Prep Time: 20 mins | Cook Time: 12 hrs | Total Time: 12 hrs 20 mins | Yield: 8 Servings
I love this Crock Pot Rustic Italian Beef Ragu so much! It may take you about 12 hours to prepare, but I’m telling you, it is the best! Serve it over pasta, topped with a generous amount of Parmesan cheese, and you have yourself a meal to remember.
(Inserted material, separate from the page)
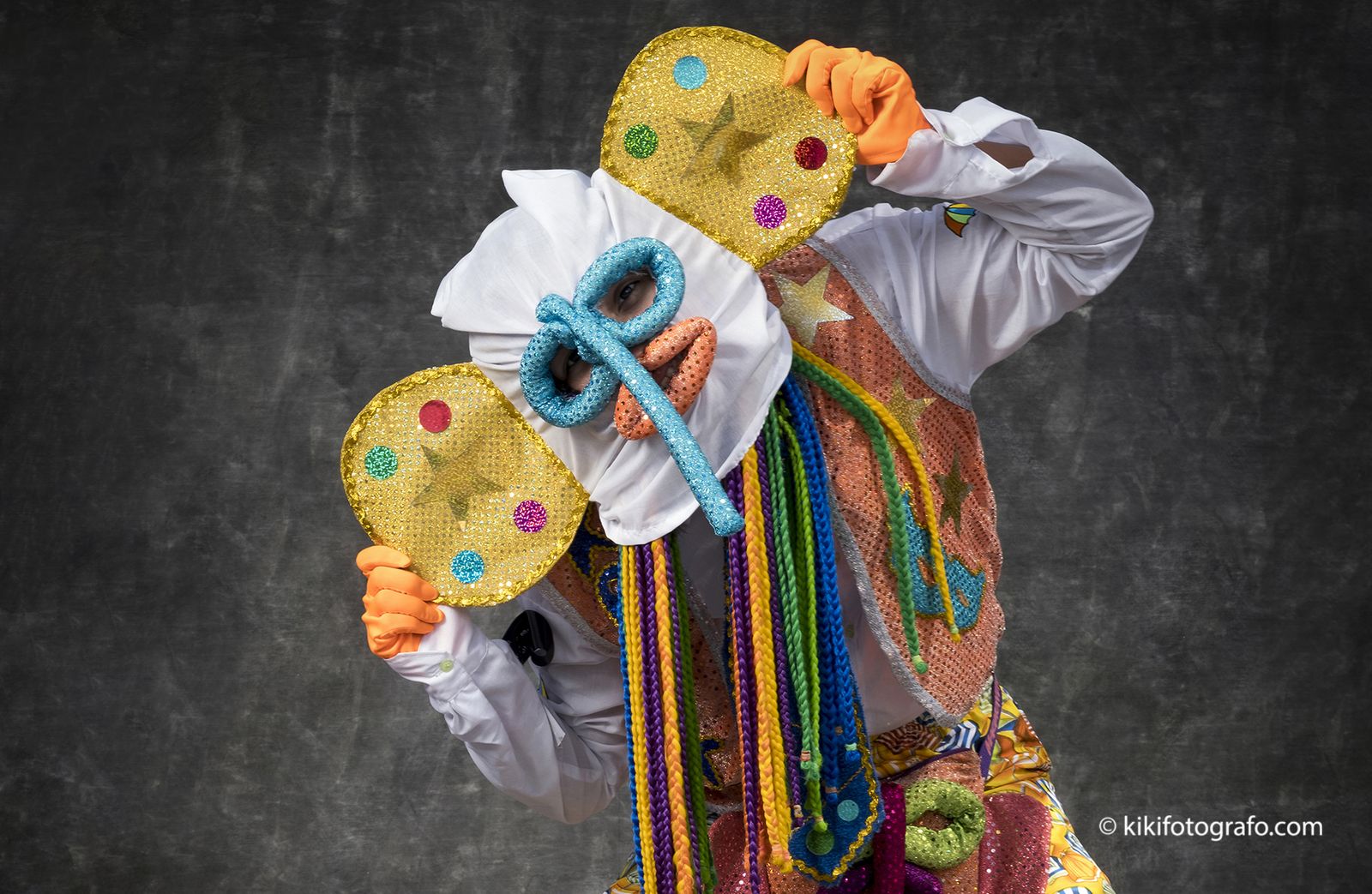 La foto de Kiki que ilustra el cartel de la muestra sobre el Carnaval de Barranquilla.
Enjoy!
Ingredients:
375ml/ 1 ½ c red wine such as Chianti
2-3 sprigs handful each fresh rosemary and fresh thyme stems discarded and leaves finely chopped
2 tablespoons olive oil
1 carrot, peeled and finely chopped
500 gr fresh or dried pappardelle pasta or rigatoni
2 tbsp unsalted butter
2 tbsp pearl barley optional
2 handfuls of grated Parmesan cheese, plus more for garnish
1 celery stick finely chopped
3-4 pounds of beef roast the cheapest cut will do
1 teaspoon salt and freshly ground black pepper
4 garlic cloves, peeled and finely chopped
3x400g/14ounces cans of chopped tomatoes, and crushed tomatoes for North America
1 small red onion, peeled and finely chopped
Directions:
Prepare all the veggies, then place them into the crockpot. Stir just until well combined.
Slice the roast into 2-inches pieces.
Place a pan on the stove and turn the heat to high. Add olive oil and allow it to become hot. Add the roast, then sear each side for a few minutes until brown.
Remove the roast from the skillet and transfer them into the pot with the veggies.
Add wine into the pan, then scrape the browned bits. Pour it into the crockpot.
Add salt, pepper, barley, and canned tomatoes. Stir everything until well incorporated.
Cover and seal the crockpot, then cook everything for about 12 hours on a low setting.
After 11 hours of cooking, shred the roast with two forks.
Stir in 1 tbsp thyme and 1 tbsp rosemary. Cook for another hour. Add butter and stir until melted completely.
Refer to the directions provided on the package of pasta on how to cook it. Drain and rinse with cold water to stop the cooking process.
Toss pasta with 1/3 of the beef ragu. Sprinkle Parmesan cheese on top.
Serve and enjoy!
Notes:
Place any leftovers in an airtight container, then freeze them. Thaw completely before reheating.